- _ABOUT THIS EXERCISE_
Note the line containing "Toyota 61113-06020 Panel"; from it through the last line below, give only those lines again, exactly, both ends included, skipping pictures.

╭─ RECORDS SHOWN

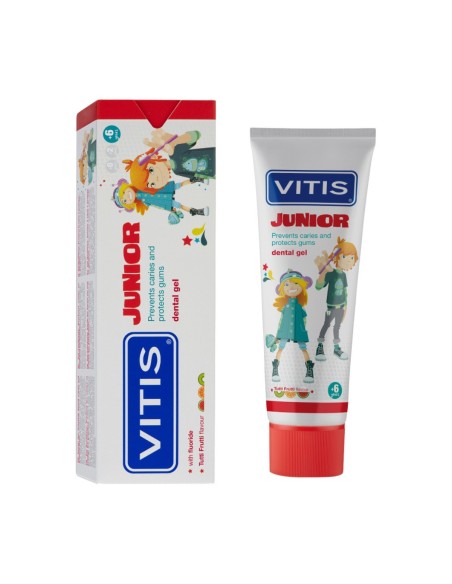 Vitis Junior Tutti Frutti Zahnpasta 75ml Vitis Junior Tutti Frutti Zahnpasta 75ml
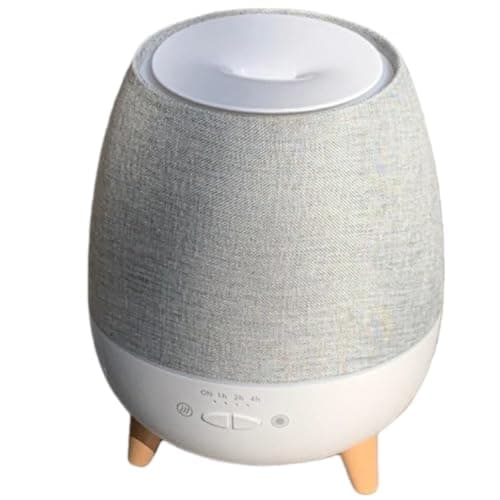 3-in-1 Dynamic Jellyfish 260ML Essential Oil Diffuser for Home:Aromatherapy Diffuser for Hotel Spa Yoga Room - Cool Mist Humidifier for Bedroom with 7Colors LED Night Light for Home Relaxation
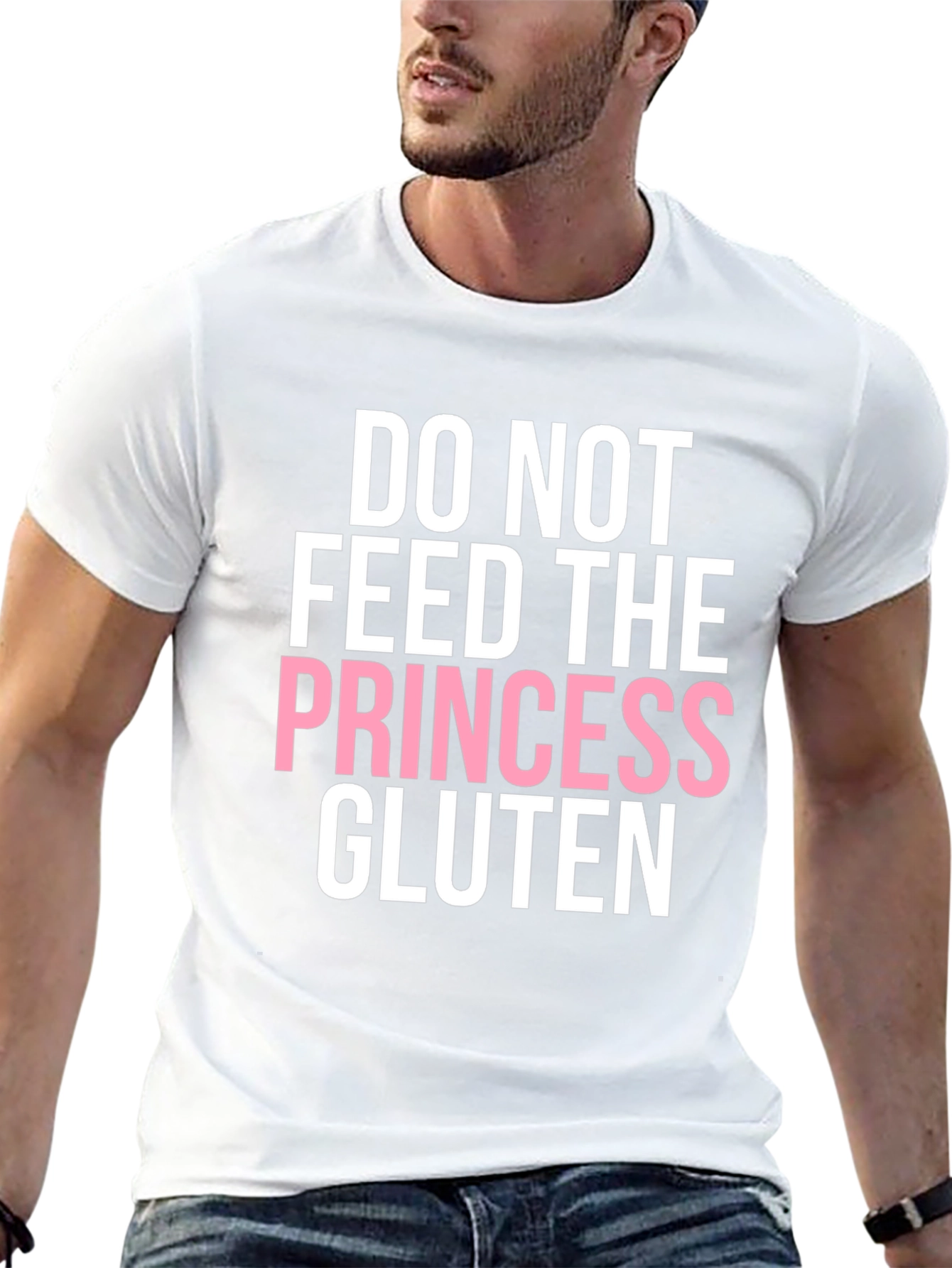 Black Do Not Feed the Princess Gluten T-Shirt view 13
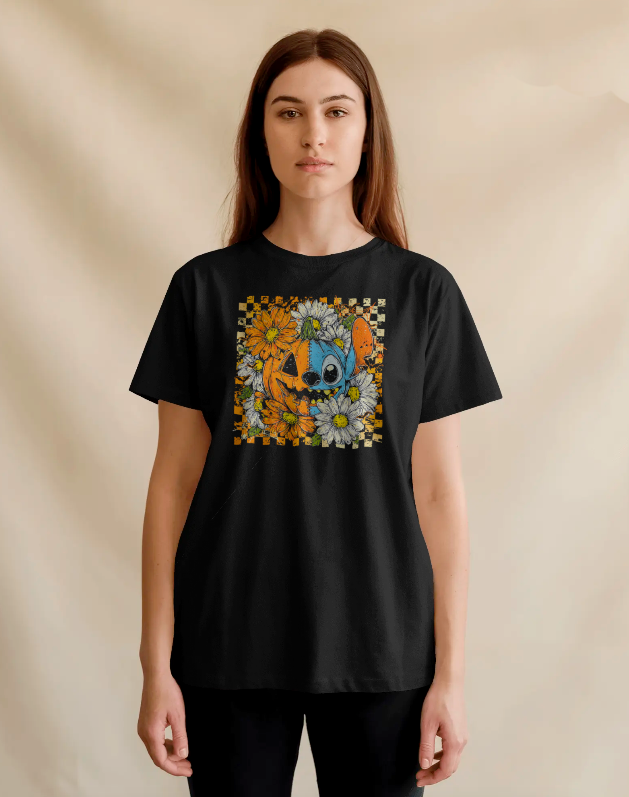 Pumpkin Stitch Graphic Tee Unisex Shirt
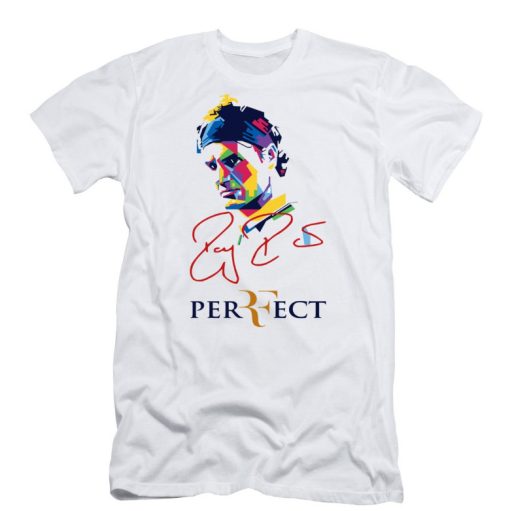 Cheap Pop Art Portrait Of Roger Federer Shirt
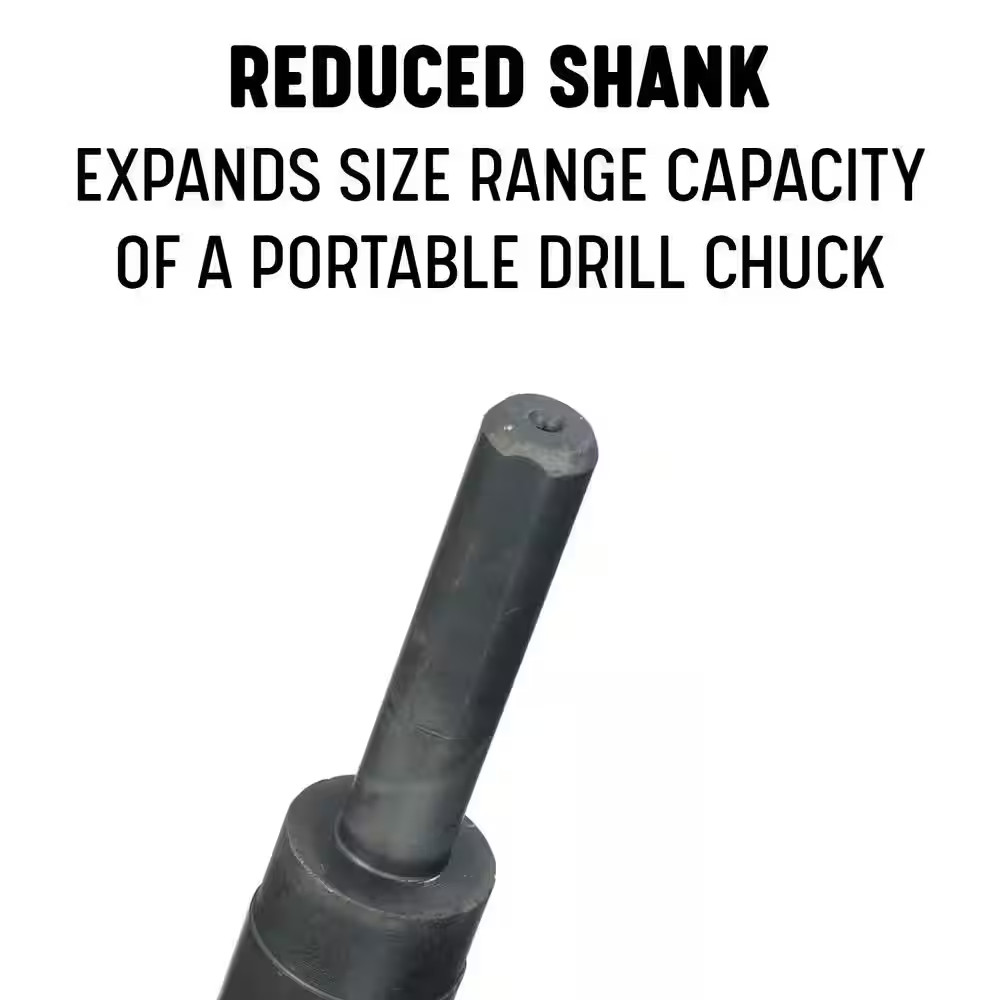 7/8 In. High Speed Steel Black Oxide Reduced Shank Drill Bit with 1/2 In. Shank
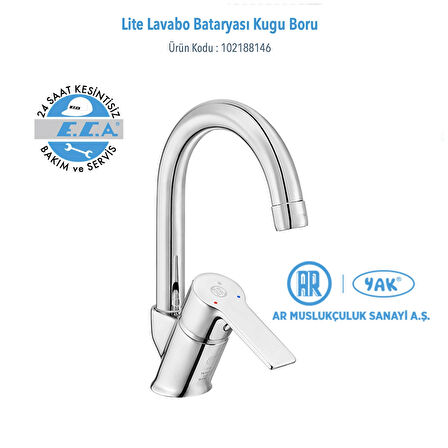 LİTE LAVABO BATARYASI KUĞU BORU 102188146 ( 5 Yıl ECA Garantili )
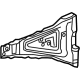 Toyota 61113-06020 Panel Extension, Passenger Side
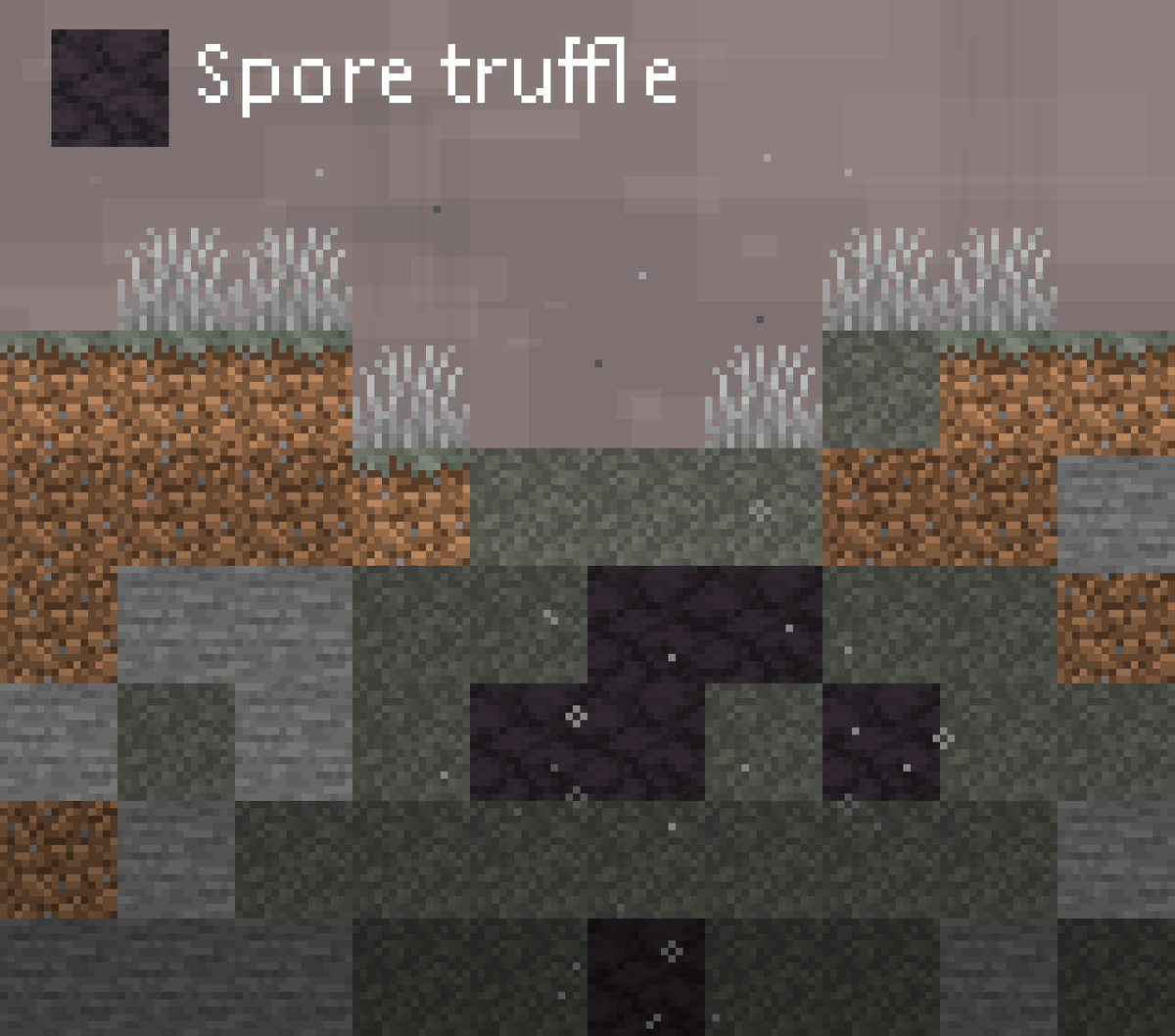 monozari's tweet photo. (item texture not meant to be perfect) But I thought of a block that would spread fog in its surrounding area, allowing us players to use fog in builds! Of course found in #palegarden so the biome has the fog we all want.

More blocks = denser fog! #Minecraft https://t.co/d6nxz80Io8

╰─

- _WRITTEN RESPONSE_
 Toyota 61113-06020 Panel Extension, Passenger Side
 monozari's tweet photo. (item texture not meant to be perfect) But I thought of a block that would spread fog in its surrounding area, allowing us players to use fog in builds! Of course found in #palegarden so the biome has the fog we all want.

More blocks = denser fog! #Minecraft https://t.co/d6nxz80Io8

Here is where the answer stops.